▶ [WHAT THE TASK ASKS]: The required output is the lines from the one with "cc rev cone" through the end of the data, repeated verbatim, with no pictures included.

(Crawled caption data)

____

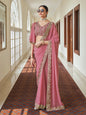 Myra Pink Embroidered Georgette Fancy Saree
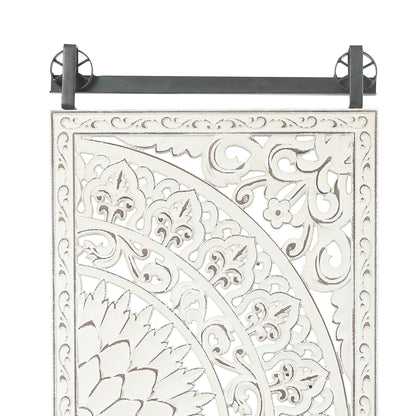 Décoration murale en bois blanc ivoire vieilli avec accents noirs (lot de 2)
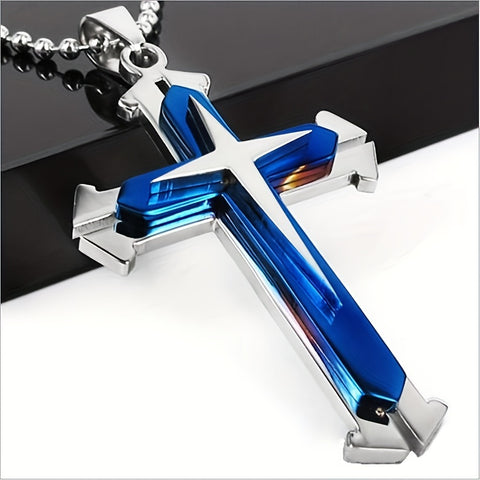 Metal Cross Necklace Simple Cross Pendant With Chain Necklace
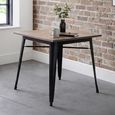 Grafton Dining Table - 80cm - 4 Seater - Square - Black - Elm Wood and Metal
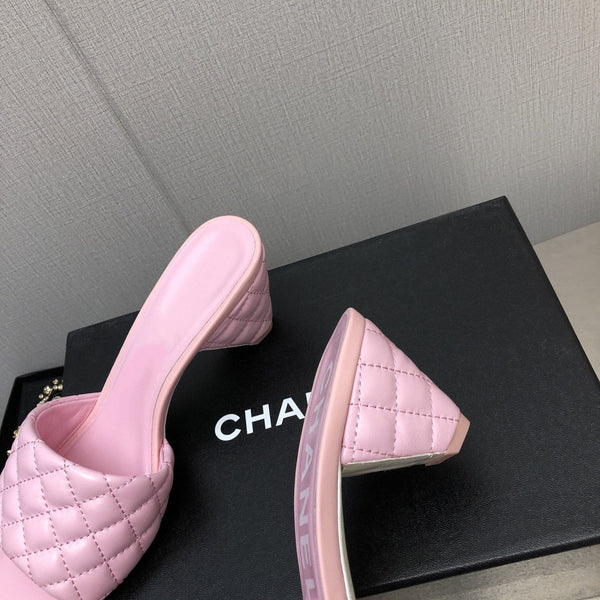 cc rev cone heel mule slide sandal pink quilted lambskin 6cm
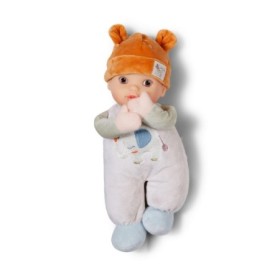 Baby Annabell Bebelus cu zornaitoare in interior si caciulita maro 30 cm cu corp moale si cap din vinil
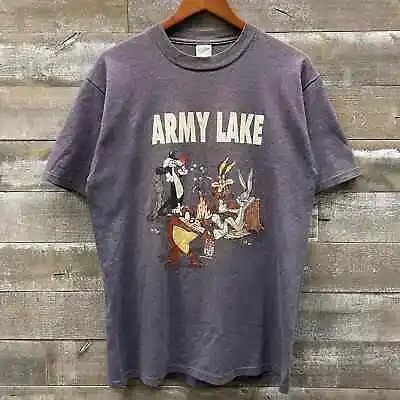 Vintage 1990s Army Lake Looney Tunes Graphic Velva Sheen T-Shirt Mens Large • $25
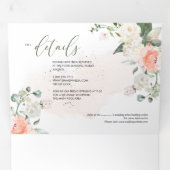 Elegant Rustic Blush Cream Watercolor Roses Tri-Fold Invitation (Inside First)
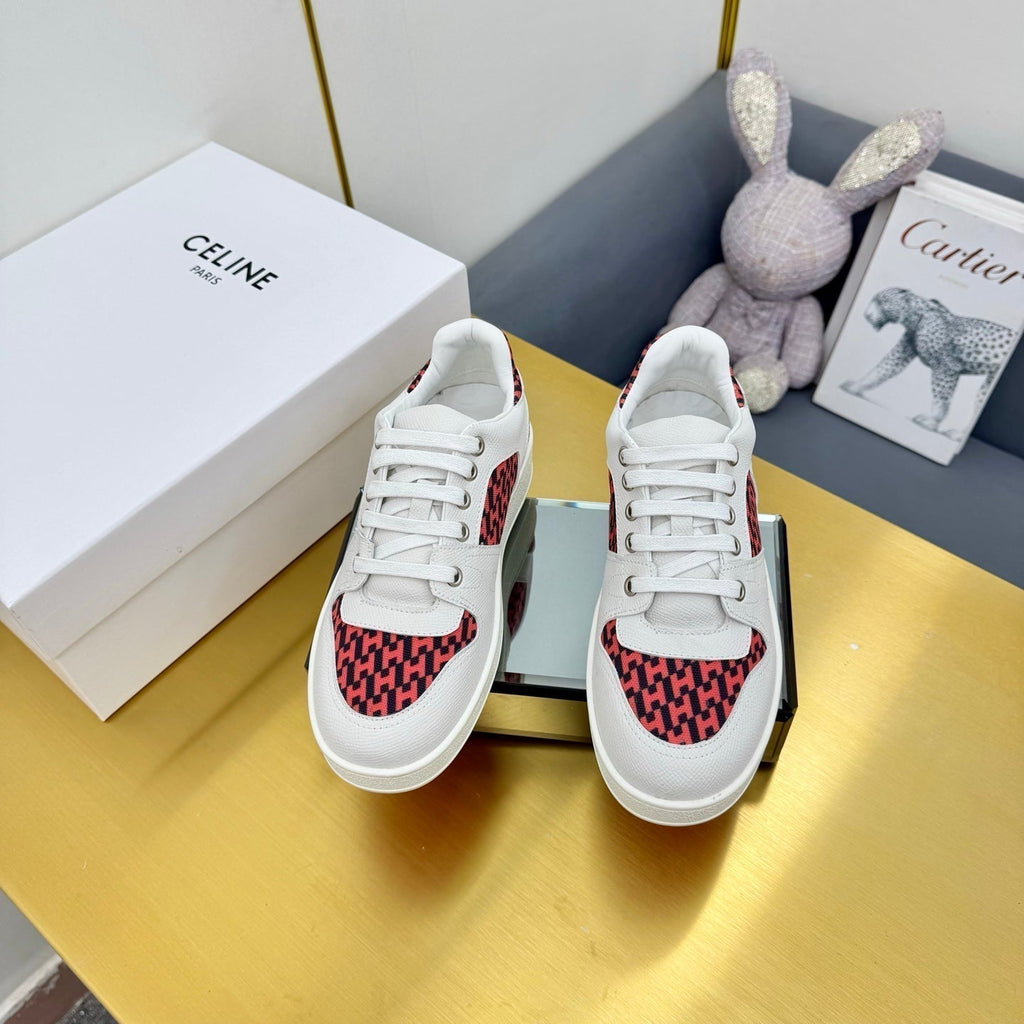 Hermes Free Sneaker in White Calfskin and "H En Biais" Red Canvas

____

▶ [THE ANSWER]:
 cc rev cone heel mule slide sandal pink quilted lambskin 6cm
 Baby Annabell Bebelus cu zornaitoare in interior si caciulita maro 30 cm cu corp moale si cap din vinil
 Vintage 1990s Army Lake Looney Tunes Graphic Velva Sheen T-Shirt Mens Large • $25
 Elegant Rustic Blush Cream Watercolor Roses Tri-Fold Invitation (Inside First)
 Hermes Free Sneaker in White Calfskin and "H En Biais" Red Canvas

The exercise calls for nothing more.